9 Tips to Keep Customers Coming Back
Remain focused: In cutting back, your first inclination may be to halt staff training or trim anything that may make the customer experience a smooth one. Don't if you can help it, says Richard Hanks, chair and president of Mindshare, a customer service-consulting firm. "Customer loyalty is a share of their wallet, mind and mouth. Be willing to sacrifice a little here, and your profits may take a hit and you may need to dip into your reserves a bit, but now is the time to steal shares. When everyone else is cutting down to the bone, cut less than everyone else and you'll be in a great position when we get out of this recession."

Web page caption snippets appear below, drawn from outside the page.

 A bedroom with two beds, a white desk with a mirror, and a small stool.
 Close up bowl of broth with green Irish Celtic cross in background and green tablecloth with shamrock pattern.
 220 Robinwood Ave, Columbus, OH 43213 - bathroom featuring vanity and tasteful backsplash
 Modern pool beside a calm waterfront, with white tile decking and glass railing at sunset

After all, an experienced staff is worth its weight in gold. Just ask Apple (Stock Quote: AAPL) . Whoever thought to add the Genius Bar to each store is brilliant. It's one more reason people are willing to pay Apple's higher prices.

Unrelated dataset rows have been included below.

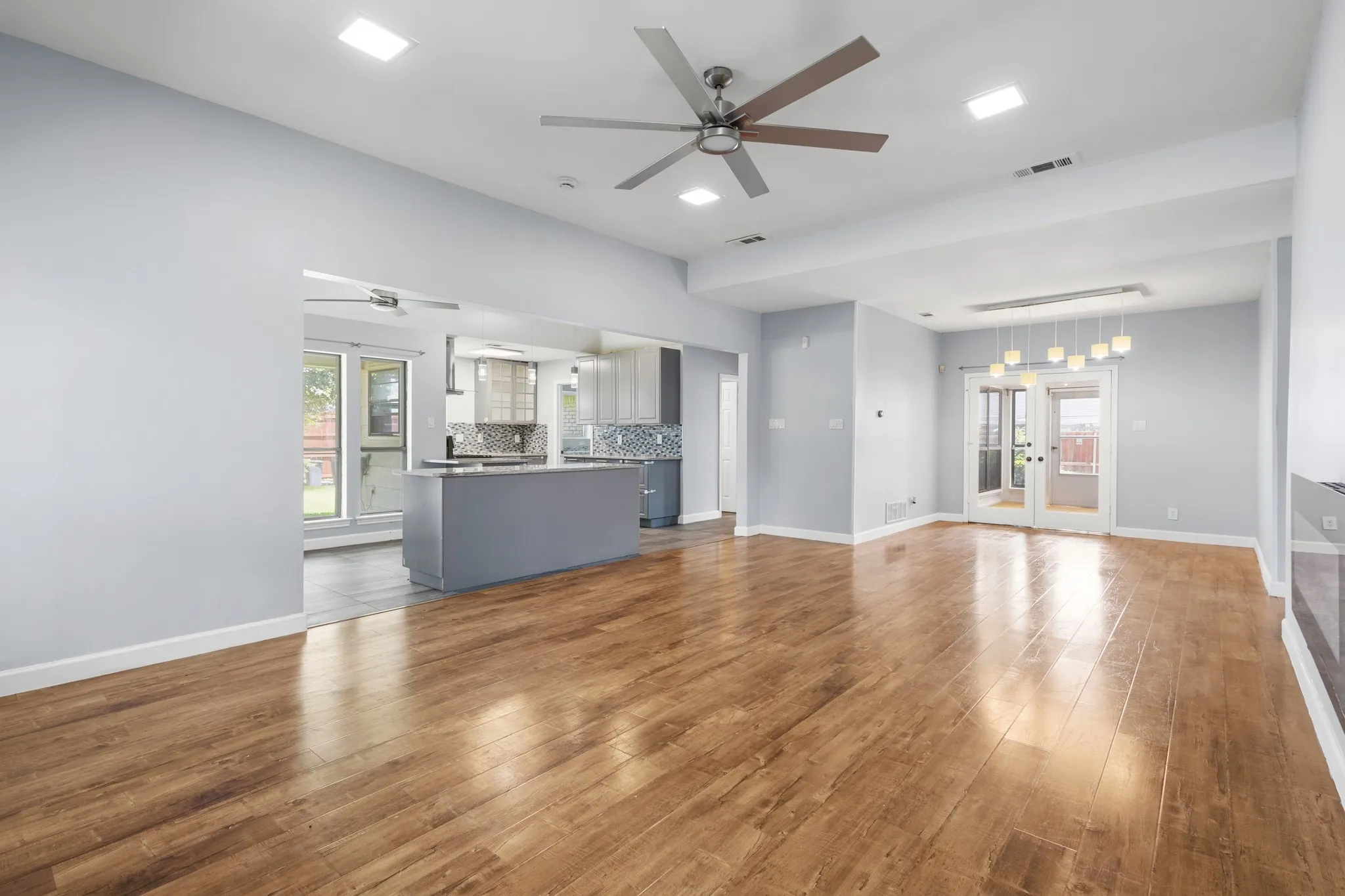 Expansive living area featuring wood-finish flooring, recessed lighting, and a ceiling fan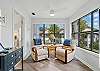 This view shows how the windowed sitting area connects to the primary suite. Bright light, comfy chairs, and a peaceful corner that works whether you’re reading or retreating.


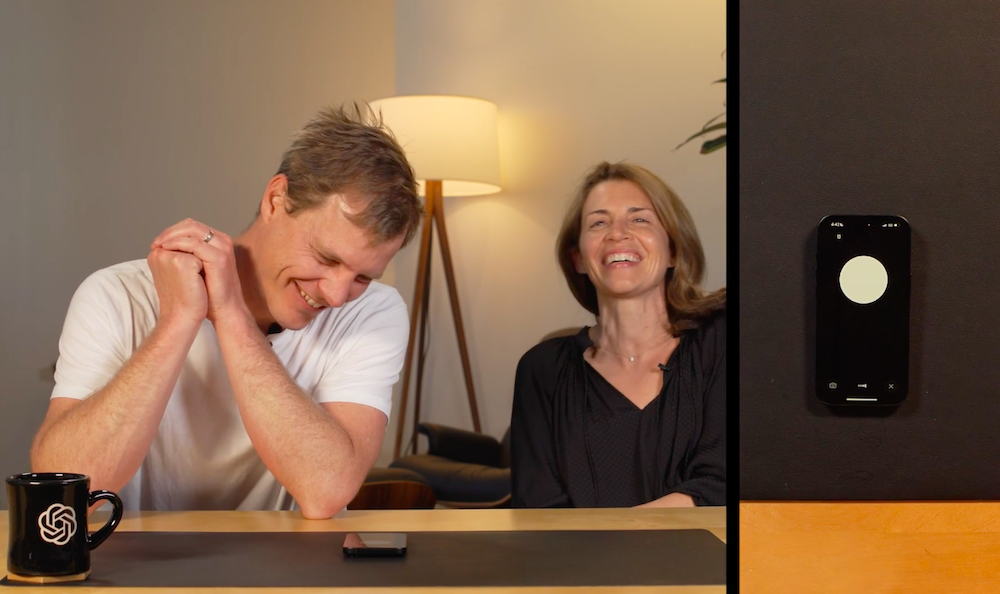 Still from an OpenAI video demo of GPT-4o, showing two people laughing 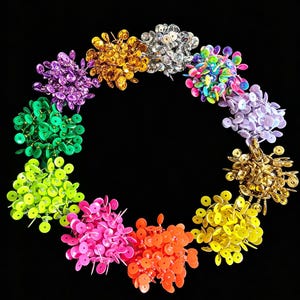 May include: A circular arrangement of numerous small, round push pins in a variety of vibrant colors including gold, silver, purple, green, lime, pink, orange, yellow, and light blue, each featuring a sharp metal point for securing documents.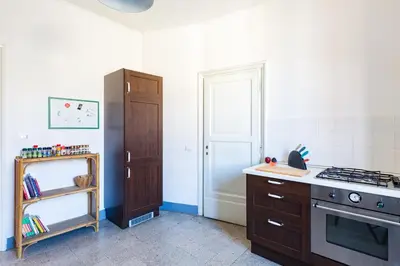 a kitchen with a stove and a cabinet in it at PIAZZA MAZZINI APARTMENT in Rome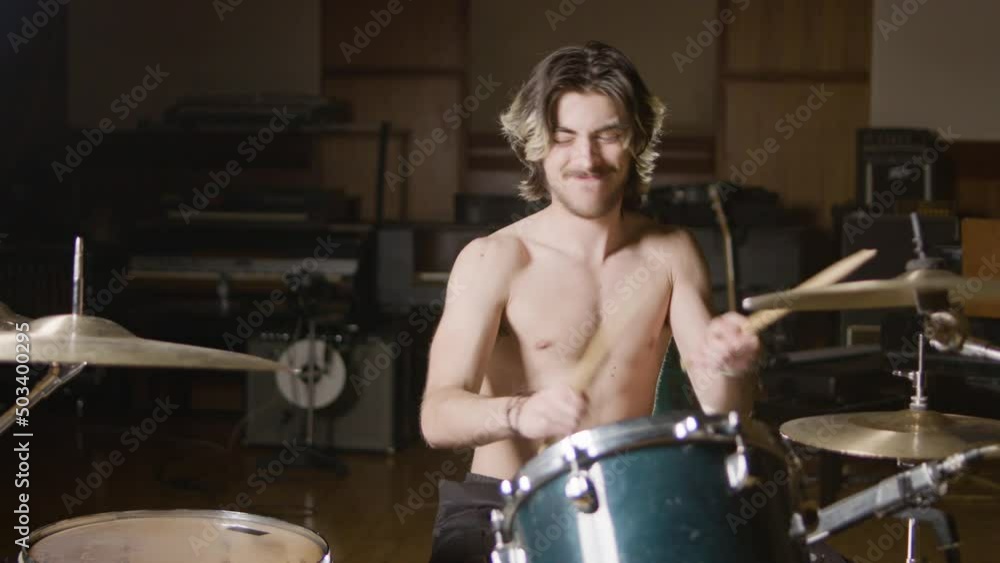 Young shirtless male drummer with beard playing drums at music studio while rehearsing alone. Musician performing on percussion instruments. Music, leisure concept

Train staff to stay focused: On the customer, that is. One way Daniel's Jewelers in southern California does that is to have management shop in its 50 stores. "The goal is to catch employees doing it right," says Rick Segel, author of "Retail Business Kits for Dummies" (For Dummies). "Then they have a meeting about the wonderful things people are doing. Behavior that is rewarded is behavior that is repeated."
They also require that workers compliment one another in staff meetings. "An employee compliments another on what they did well, and they can't pick the same employee twice," says Segel. "It's awkward at first but people start observing. It becomes a form of education and raises the element of service."
Never lose customers to begin with: You won't need a customer-incentive program if your company has always done its utmost to make the client experience the best it can be. Experts say it costs more to find a new customer than it does to keep an old one. So if a customer had a horrible time with one of your employees, pick up the phone or drop by their table to let them know you value their business.
"The best incentive is dependability, consistency, urgency and responsiveness," says Hanks, who is also author of "Delivering and Measuring Customer Service" (Duff Road Endeavors). "I overpay at Nordstrom. But I know I will never have a problem with them. They don't have a frequent-buyer program. They have my loyalty because of the underlying thing that they do."